# MSA 2024 Phase 2 - Part 1

In [1]:
import sklearn
import numpy as np
import pandas as pd
import seaborn as sns
import matplotlib.pyplot as plt
%matplotlib inline

## 1. Find all variables and understand them

In [2]:
output_file_path = 'D:/Download/store_sales_utf8.csv'
data = pd.read_csv(output_file_path, encoding='utf-8')

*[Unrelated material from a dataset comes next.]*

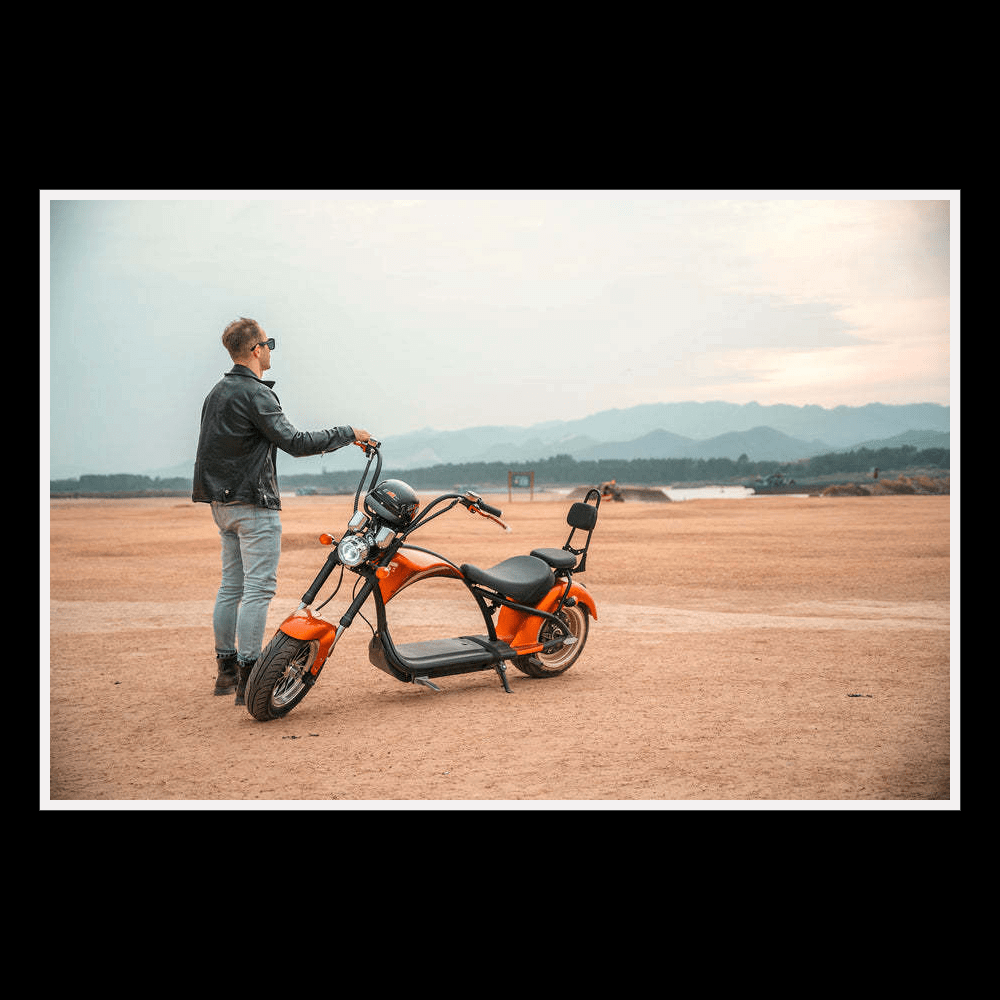 EAHORA MP1 two-seat electric motorcycle parked on a sandy landscape with a rider in sunglasses.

# 1. Find all variables and understand them
# Display the first ten instances
print(data.head(10))

# Display key statistical metrics
print(data.describe())

# Show data types of each column
print(data.dtypes)

## 2. Clean data

In [3]:
# 2. Clean data
# Handling missing values
data_cleaned = data.dropna()

numeric_cols = data_cleaned.select_dtypes(include=['float64', 'int64']).columns
data_numeric = data_cleaned[numeric_cols]

# Handling outliers
Q1 = data_numeric.quantile(0.25)
Q3 = data_numeric.quantile(0.75)
IQR = Q3 - Q1
data_numeric = data_numeric[~((data_numeric < (Q1 - 1.5 * IQR)) | (data_numeric > (Q3 + 1.5 * IQR))).any(axis=1)]

# Normalizing data
scaler = StandardScaler()
data_numeric[numeric_cols] = scaler.fit_transform(data_numeric[numeric_cols])

data_cleaned = pd.concat([data_numeric, data_cleaned.drop(columns=numeric_cols)], axis=1)

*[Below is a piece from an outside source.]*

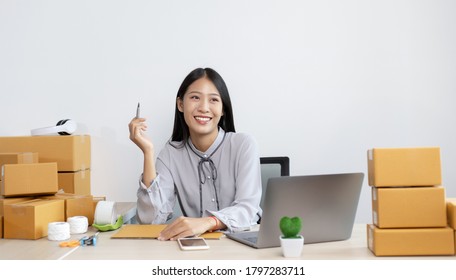 Young Asian Woman Is An Online Merchandiser And Is Currently Managing Conversations And Receiving Orders From Customers Via The Internet, Selling Products Online Or Doing Freelance Work At Home.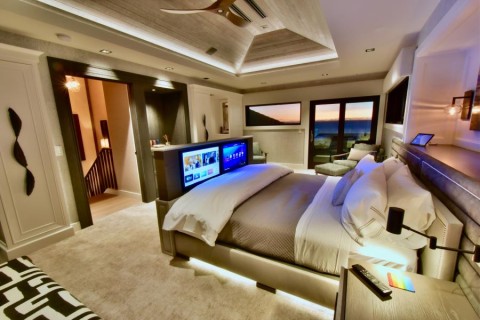 A bedroom with in-ceiling speakers, a TV that rises from the foot of the bed, and a Control4 touchscreen.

# Display the cleaned data
print(data_cleaned.head(10))

## 3. Visualise data

In [4]:
# 3. Visualise data

# Bar chart for categorical variables
categorical_columns = data_cleaned.select_dtypes(include=['object']).columns
for col in categorical_columns:
    data_cleaned[col].value_counts().plot(kind='bar')
    plt.title(f'{col} Bar Chart')
    plt.show()

# Histogram for numerical variables
for col in numeric_cols:
    data_cleaned[col].hist(bins=30)
    plt.title(f'{col} Histogram')
    plt.show()

# Box plot for numerical variables
for col in numeric_cols:
    sns.boxplot(x=data_cleaned[col])
    plt.title(f'{col} Box Plot')
    plt.show()

## 4. Identify correlated variables

In [5]:
# 4. Identify correlated variables
# Compute correlation matrix
correlation_matrix = data_numeric.corr()

# Visualize correlation matrix
plt.figure(figsize=(10, 8))
sns.heatmap(correlation_matrix, annot=True, cmap='coolwarm')
plt.title('Correlation Matrix')
plt.show()

# Select most relevant features
target_column = 'your_target_column'  # Replace with your actual target column
threshold = 0.5
if target_column in correlation_matrix.columns:
    relevant_features = correlation_matrix[abs(correlation_matrix[target_column]) > threshold].index
    print(relevant_features)
    data_selected = data_numeric[relevant_features]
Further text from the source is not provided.